In the past four years, hair removal has arguably advanced as much as it had in all previous history. High-power lasers, most commonly found in dermatologists’ and plastic surgeons’ offices, can eliminate most unwanted hair after only three to seven treatments. But just as exciting are less powerful devices called flashlamps, which are making their way into spas, delivering almost the same benefits as lasers but less expensively and more quickly. Flashlamp light, also referred to as “pulsed light,” is very similar to laser light but contains different colors of light blended together instead of just a single color. In terms of speed and price, flashlamp benefits outweigh the laser. Estheticians can learn how to use the flashlamp systems in a few hours and then treat a full pair of legs in less than 20 minutes.
Flashlamp systems also offer unique benefits for clients. The light pulses are not irritating or painful, but cause a sensation similar to that of a light snapping of a rubber band. In addition, flashlamp devices can be used even if the hair is less than 1/4-inch in length, and the treatments remove most hair for up to 12 weeks with some of the hair eliminated permanently.

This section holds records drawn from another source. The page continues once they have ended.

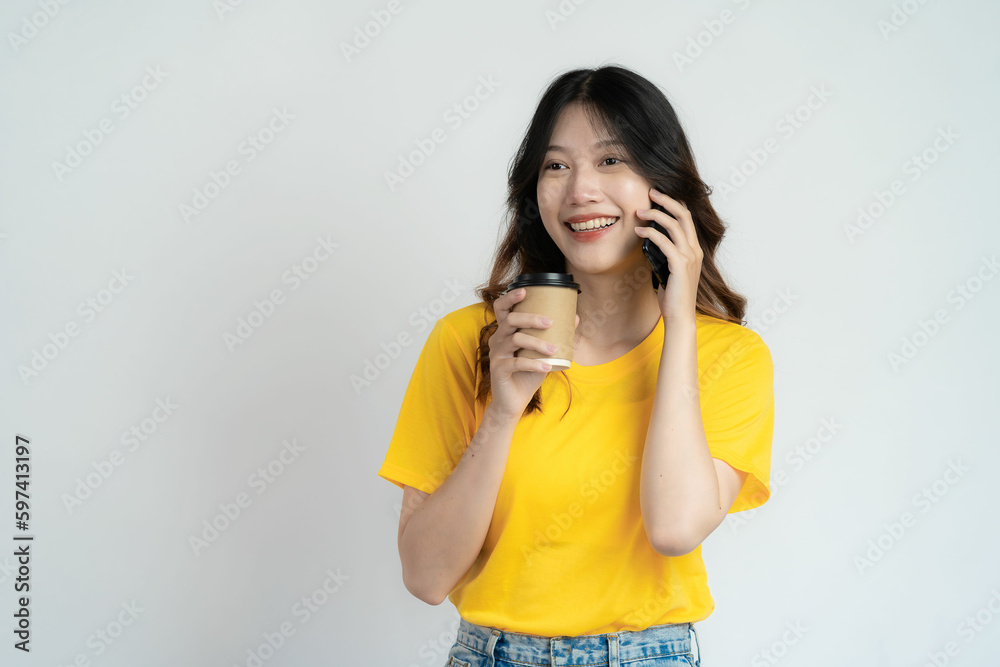 Young Asian woman holding smartphone pops up to chat with friend Black blank white screen on white background can be used for advertising or product presentation. Young Asian woman holding smartphone pops up to chat with friend Black blank white screen on white background can be used for advertising or product presentation.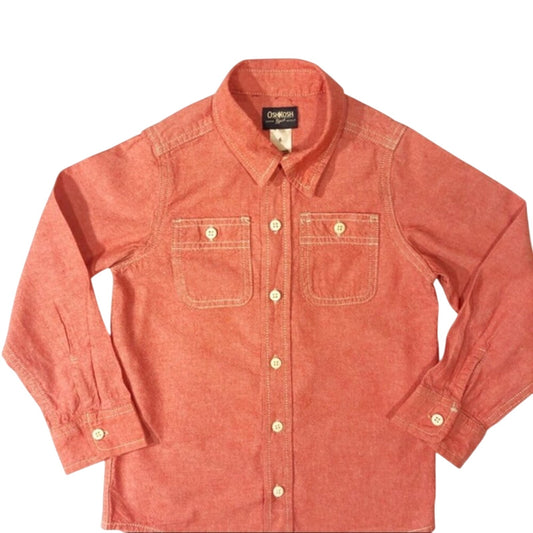 Red denim shirt with button details on a white background
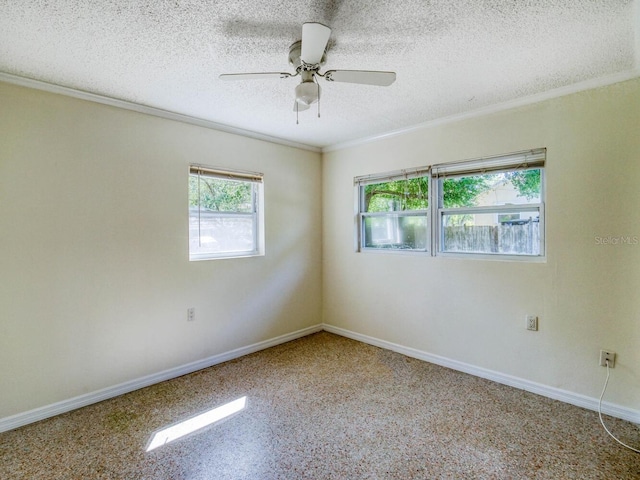 empty room featuring a textured ceiling and ceiling fan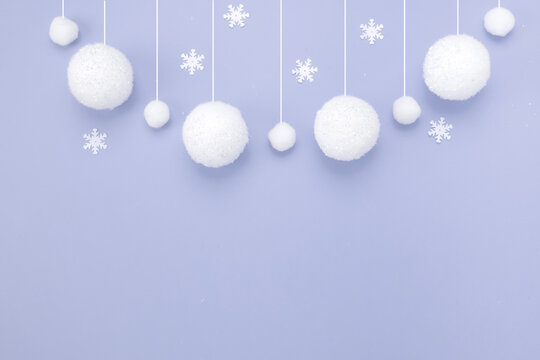 Christmas composition, winter background, snowfall from white balls, blue background.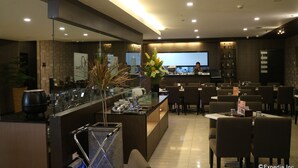 A modern restaurant with a bar area, seating, and a large screen displaying a person. - GT Hotel Iloilo (Iloilo)
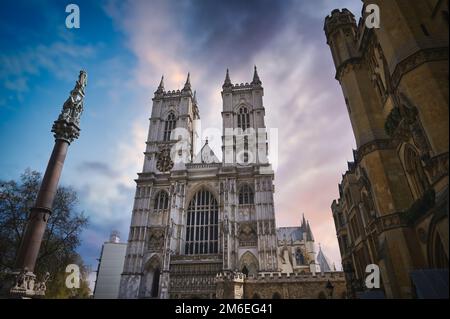 Tramonto sull'Abbazia di Westminster a Londra, Regno Unito Foto Stock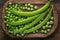 Nutrient rich display Fresh bio peas and pods on an oak board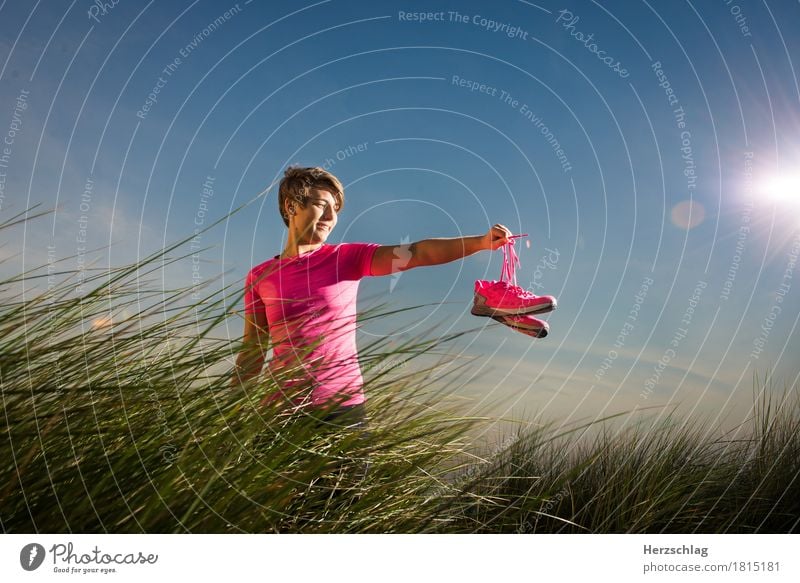 A young runner holds a pair of running shoes in her hand Walking Sports Fitness Jogging Athletic Movement Marathon workout Running Lifestyle Athlete Passion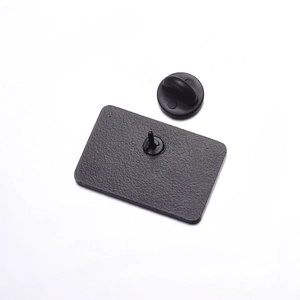 Black rectangular enamel pin back with metal needle and black rubber clutch secure butterfly clasp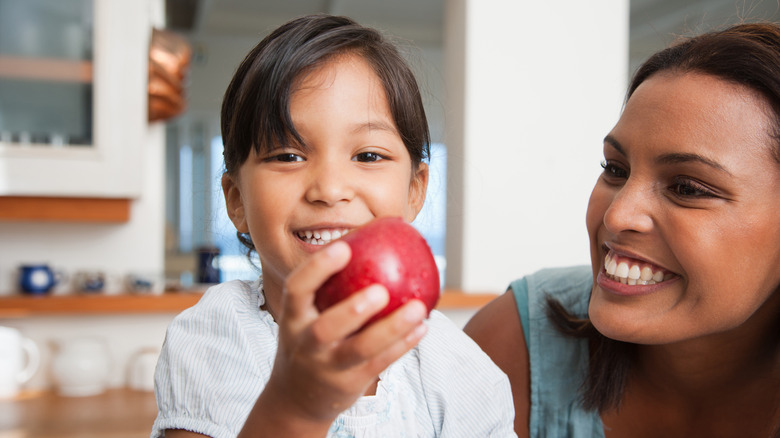 Child holding apple and smiling 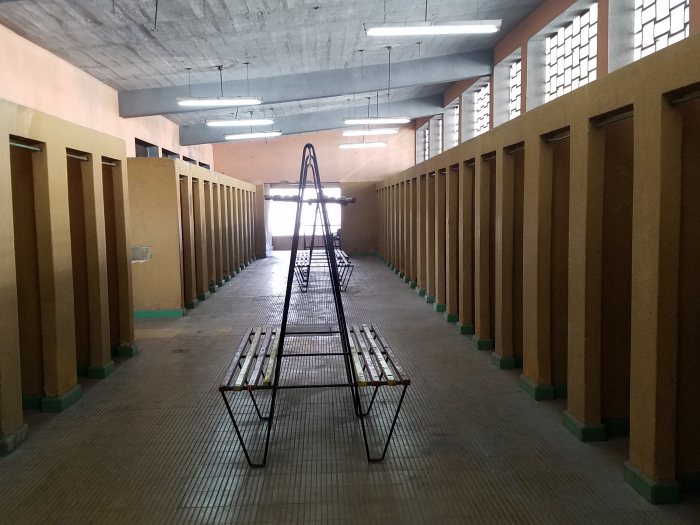 bench and stalls with tiled floor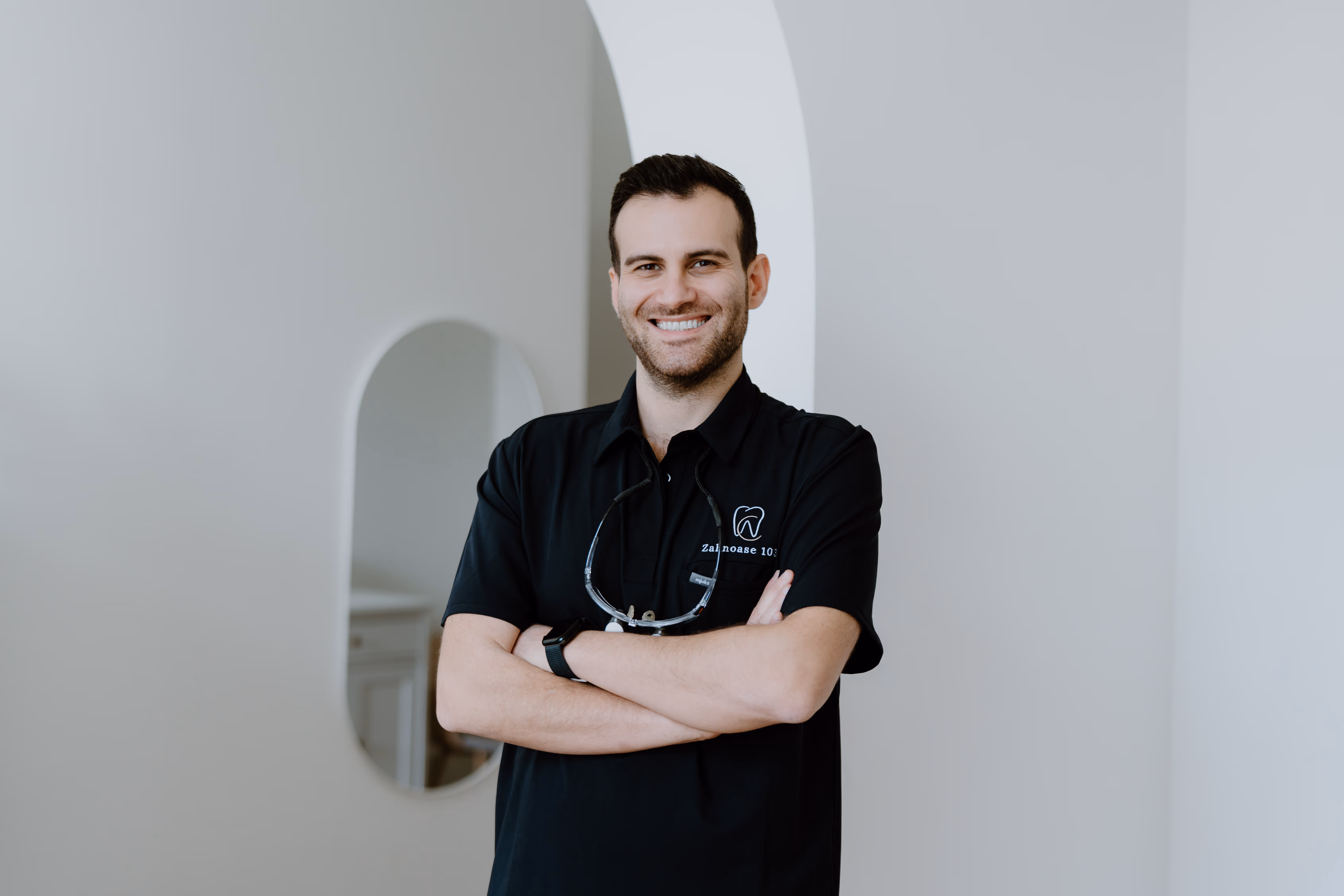 Lächelnder Zahnarzt mit verschränkten Armen in schwarzem Poloshirt mit Zahnarzt-Logo vor hellem Hintergrund.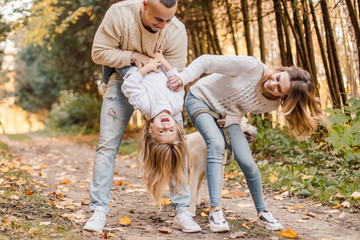 Fototapeta premium Happy family is having fun walking in the park.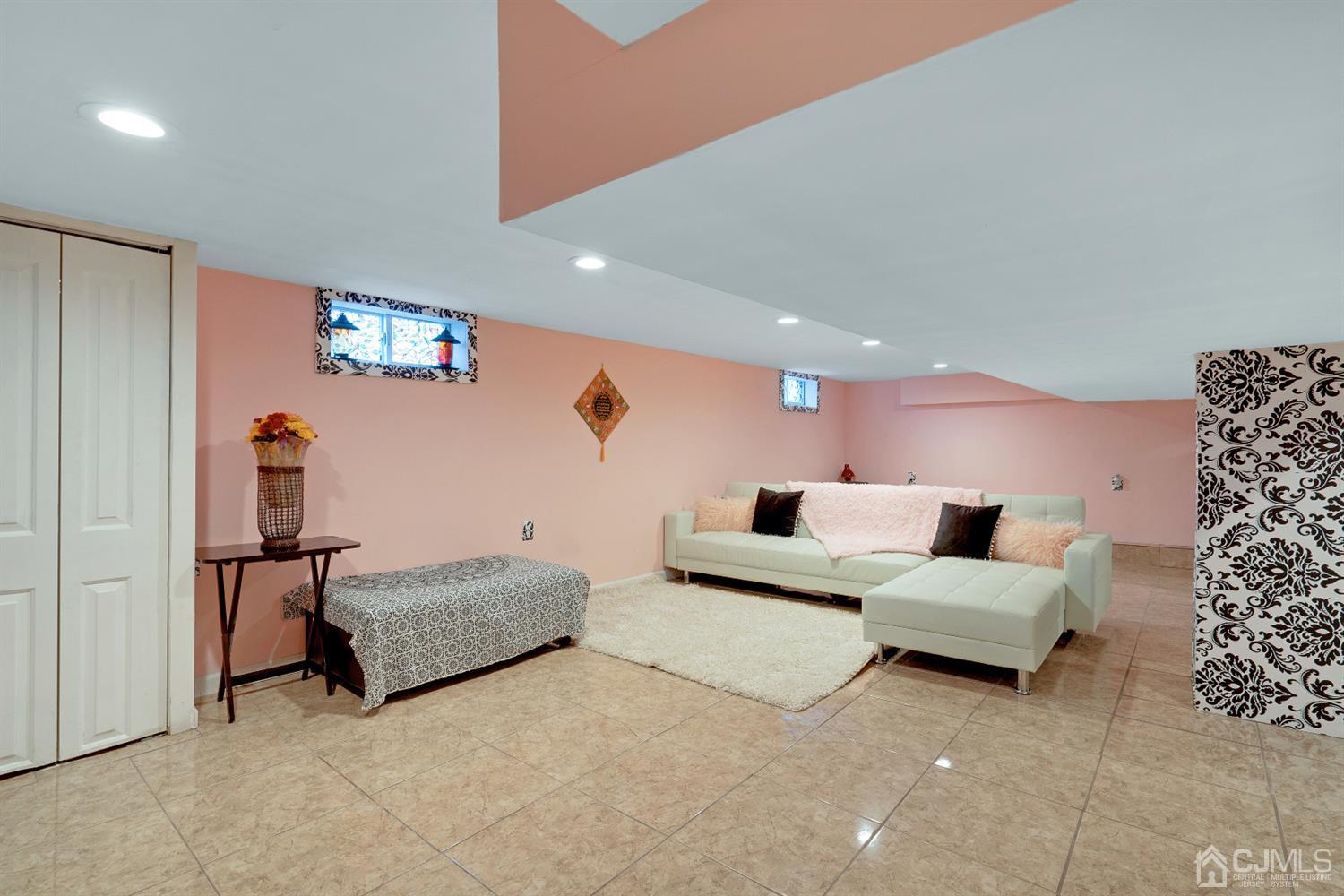 605 Beers Street Hazlet, NJ 07730 - Photo 25 of 32 a living room with furniture and painting on the wall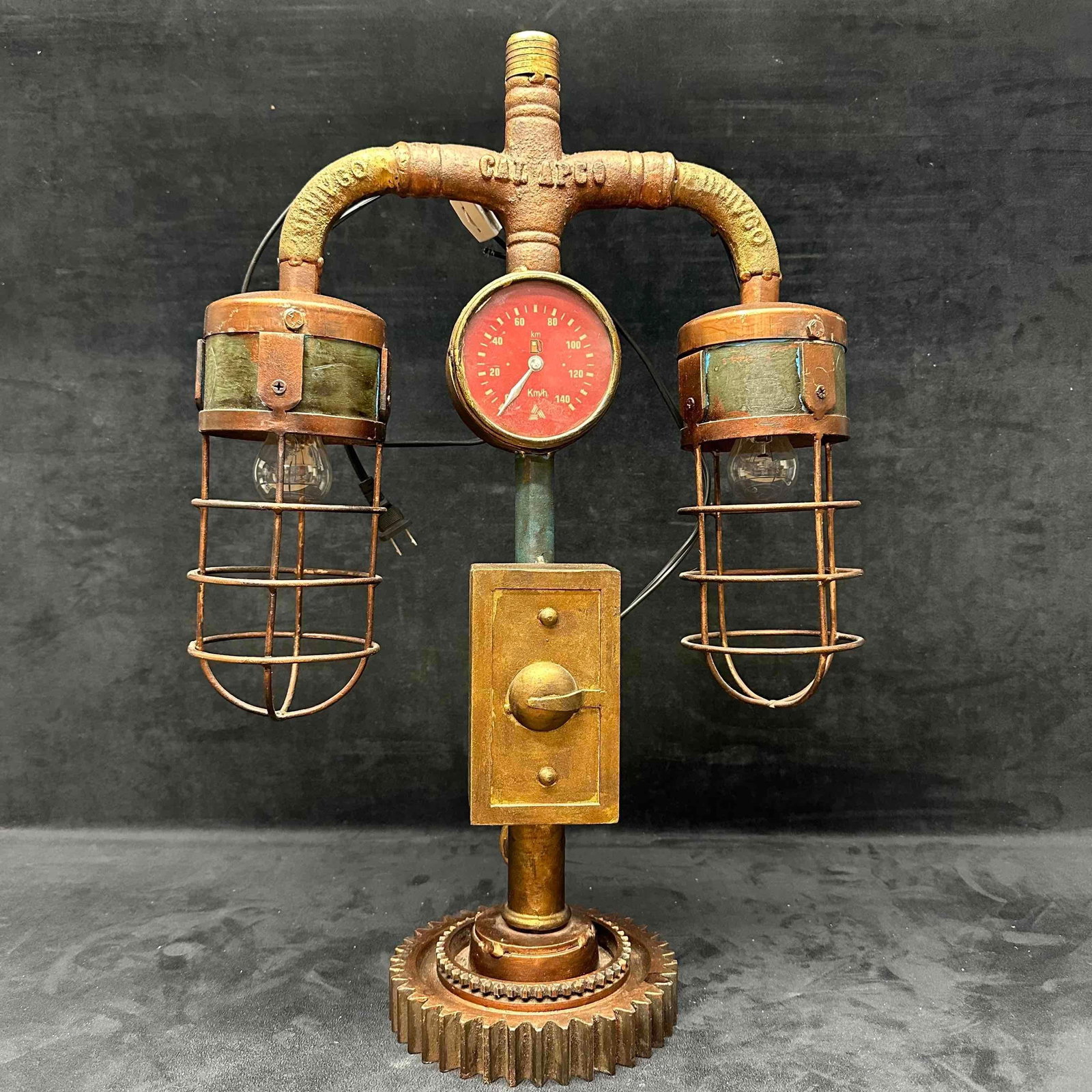 Industrial Steampunk Dual Cage Lamp with Vintage Gauge Piping and Gear Base: This unique industrial steampunk-style dual cage lamp crafted from repurposed metal components. Features two bulb sockets with protective wire cages, mounted on a curved pipe arm. At the center is a v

“Pulsed-light devices are fairly new, but so far our experience tells us that they’re here to stay,” says David B. Vasily, MD, medical director of the Aesthetica Cosmetic and Laser Center in Bethlehem, Pennsylvania.
How it works
In a word, the principle by which flashlamp systems work is heat. The hand piece emits a beam of light, and the light is absorbed by the hair and converted to heat. As the hair follicles are heated, they become disabled, losing their ability to grow new hair for up to three months or more.
The scientific term for this heating process is selective photothermolysis. The pigment in the hair causes it to be selectively heated, and the tissue surrounding the hair follicle does not heat up significantly. Consequently, side effects, such as skin blistering or localized changes in skin color, are very rare. In fact, the main danger may well be operator error. However, flashlamp light diverges, similarly to a household light, versus going straight like a laser, making it much more difficult to burn. Think of it as a comparison to holding your hand over a hot stove burner versus touching one.
While no state board has outright regulated that the treatment must be performed by a physician, in some states there is a strong message that physicians at least must be on the premises when the treatments are performed. However, in the majority of states, other professionals can use the device as long as a physician has taken responsibility for its use and agreed to be on call while it is used.
Manufacturers should be willing to share information on various state rules and regulations with you. You also may wish to consult your attorney before purchasing a system to determine what the laws are in your area.